Launched in October 2011, SCHD has amassed $68.8 billion in assets, offering a 3.97% yield and an exceptionally low 0.06% expense ratio, one of the cheapest in its class. Since its inception, SCHD has delivered a 12% annualized total return, which trails the S&P 500’s 14% compound annual growth rate, but offers stability through its diversified portfolio of dividend-paying stocks.
Over the past year, the ETF has gained a modest 0.8%, as it i still recovering from a 10% drop following an April market scare. For the second quarter, SCHD announced a dividend of $0.2602 per share, down 5.28% from the year ago’s record $0.2747 per share payout, a rare year-over-year decline.
Should this cut alarm investors, or does SCHD remain a reliable cornerstone investment for long-term income portfolios?
Does the Dividend Cut Signal Problems?
The year-over-year dividend reduction may spark concern, but SCHD’s historical resilience and robust fundamentals suggest it’s a temporary blip, not a structural issue.

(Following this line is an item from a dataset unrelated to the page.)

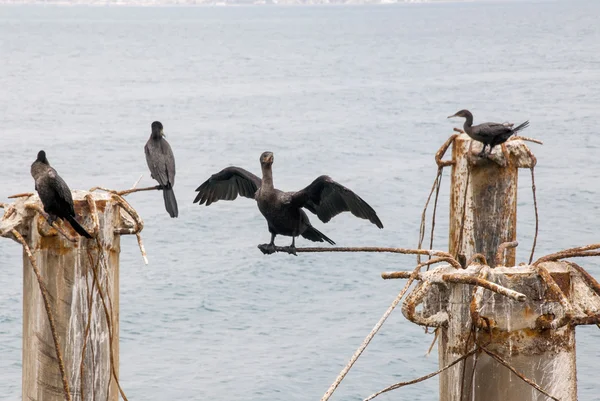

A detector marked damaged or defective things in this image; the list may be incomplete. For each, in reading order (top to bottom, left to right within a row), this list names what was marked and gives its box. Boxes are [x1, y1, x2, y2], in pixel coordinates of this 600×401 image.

rusty metal post [0, 190, 143, 400]
rusty metal post [440, 136, 576, 398]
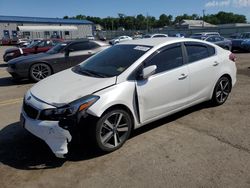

SCHD has a remarkable dividend growth history. Since December 2011, when it paid $0.04 per share, the payout soared to a peak of $0.2747 per share one year ago, its largest payout ever. This quarter’s cut follows that unusually high benchmark, so it skews the year-over-year comparison. However, if you look at SCHD’s total dividend growth for the first half of 2025, in reality it is up 6.4% compared to 2024, That signals continued progress toward its long-term trajectory.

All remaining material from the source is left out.